Ellen White desafiou-nos a tomar uma posição forte na educação do povo quanto à adoção do vegetarianismo. Mas seu exemplo e ensinamento nos dizem que não devemos fazer desse ponto uma prova de discipulado; pelo contrário, devemos dar tempo para crescimento na aceitação desse princípio. Dieta e adorno são temas importantíssimos na experiência cristã. No entanto, são áreas em que deveríamos atuar buscando persuadir e educar, em vez de legislar e julgar arbitrariamente.
Tradições e costumes. Isso inclui coisas como maneiras de programar o culto, de celebrar a Ceia, e de realizar o batismo (alguns pastores erguem o braço por trás do candidato, outros o fazem pela frente).

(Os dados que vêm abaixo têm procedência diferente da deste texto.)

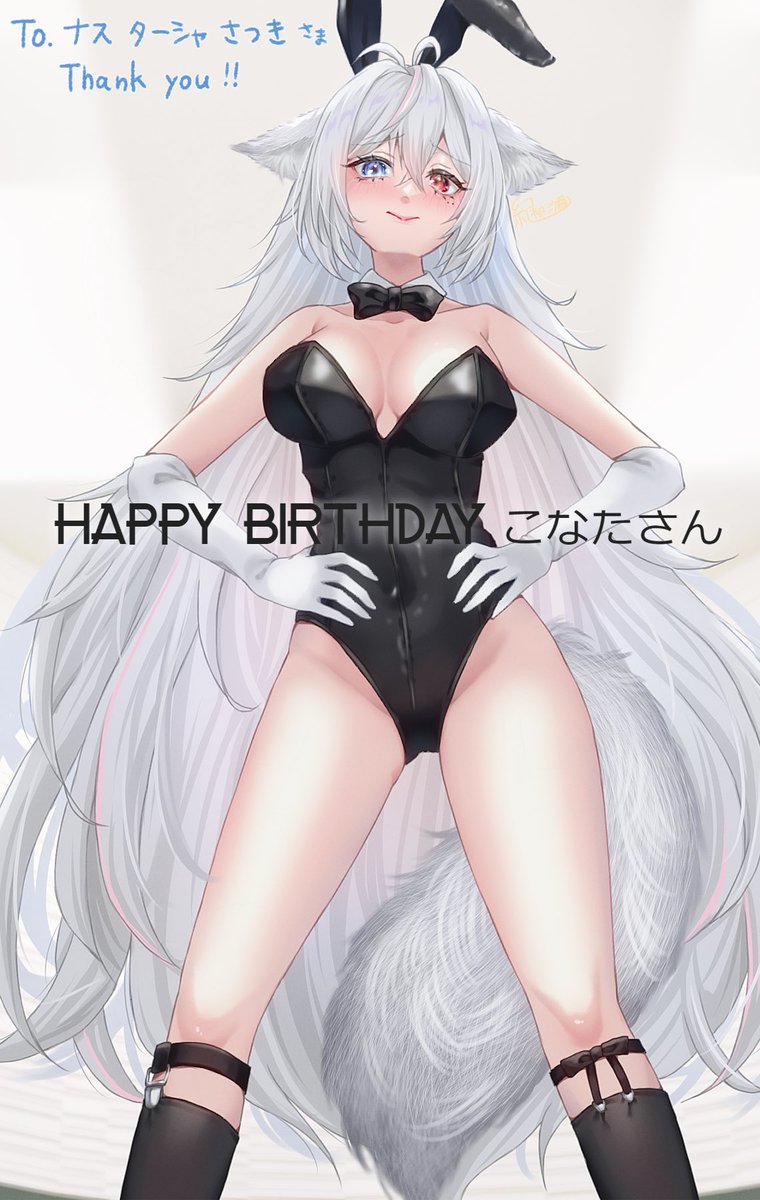 utaugarakuta16's tweet photo. #CONATART https://t.co/eBcPc9bfzz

Algumas vezes tradições e costumes estão baseados em advertência de profetas e líderes ao tratarem com tempos e situações específicos. Outras vezes, eles apenas surgem ao longo da vida e tornam-se uma maneira confortável de fazer as coisas. São quase sempre baseados na preferência pessoal, e não numa definitiva declaração da Palavra de Deus.
Métodos e meios. Aqui, a campanha da Recolta de Donativos é um bom exemplo. Em muitos lugares isso é feito com um propósito específico, sério e justo. Mas há lugares onde o método tradicional de realizar esse trabalho precisa ser modificado por algumas razões. Outros itens vêm à mente, como idade das crianças em classes específicas da Escola Sabatina, forma de nomeações, entre outros.
Virtualmente, qualquer coisa associada com a Igreja pode ser colocada em uma das quatro categorias mencionadas. Com isso, temos uma base para decidir se determinada mudança é boa ou má. Podemos concordar no que constitui o essencial e é imutável, e o que pode e deve ser mudado para o bem do corpo de Cristo.
As mudanças estão ocorrendo, queiramos ou não, gostemos ou não. Vamos nos antecipar a elas; preparando-nos e usando-as em nossa vantagem.